Good morning, US politics live blog readers, as we set out on another day of high drama in Washington. Congressional Republicans narrowly won control of the House of Representatives in November’s midterm elections but have failed to agree amongst themselves who to elect as Speaker of the House, after two days of voting rounds where Kevin McCarthy did not get the necessary majority.

Stick with us as we cover today’s developments as they happen. Here is what’s on the political agenda:

The House will go back into session at 12pm ET today and the battle to become Speaker will resume. House Republican leader Kevin McCarthy has now been through six rounds of voting since Tuesday afternoon and failed to win a majority despite the party having control of the chamber. This is unprecedented in at least a century of US politics.

Kevin McCarthy is expected once again to hold frantic meetings this morning prior to the House session. The California Republican is going through an epic political trauma that is not only bad for him but makes the Republicans look useless as civil war rages in the party.

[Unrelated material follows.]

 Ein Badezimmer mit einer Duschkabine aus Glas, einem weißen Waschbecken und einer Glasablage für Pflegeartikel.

No other House business can begin until the chamber has a speaker. That means lawmakers have not been sworn in for the 118th Congress that began on January 3, including all the brand new representatives elected for the first time in the midterms.

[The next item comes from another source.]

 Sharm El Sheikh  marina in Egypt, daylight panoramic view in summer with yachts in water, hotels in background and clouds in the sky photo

McCarthy is still negotiating, hoping to offer enough concessions to the 19 or 20 rightwing rebels on his own side who refuse to vote for him. With the narrow GOP majority he can only afford to lose four GOP votes if the Democrats all continue turning up and voting for their guy, House minority leader and New York congressman Hakeem Jeffries, who took over the position from former Speaker Nancy Pelosi.

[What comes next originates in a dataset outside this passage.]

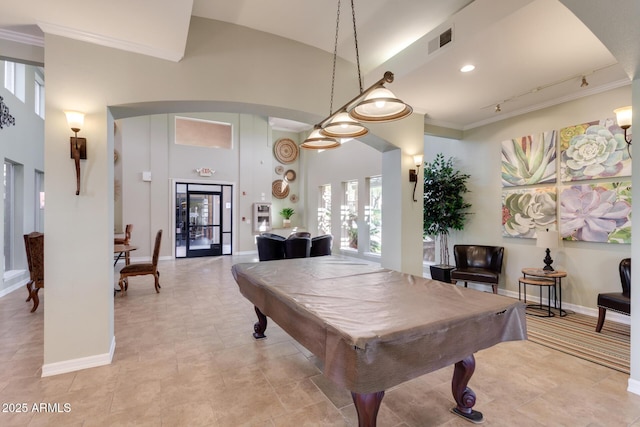 recreation room featuring high vaulted ceiling, baseboards, visible vents, and arched walkways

Elsewhere, at 11.15am ET, Joe Biden, accompanied by his vice-president Kamala Harris, is due to make remarks on the situation at the US-Mexico border, where confusion and tension about amid the upholding of the public health measure Title 42 that continues to act as a harsh anti-immigration tool and is causing misery for migrants on both sides of the border. Notably, instead of billing the remarks as focusing on humanitarian issues and improving the US’s dysfunctional immigration legal system, the White House has billed the remarks as being about “border security and enforcement.”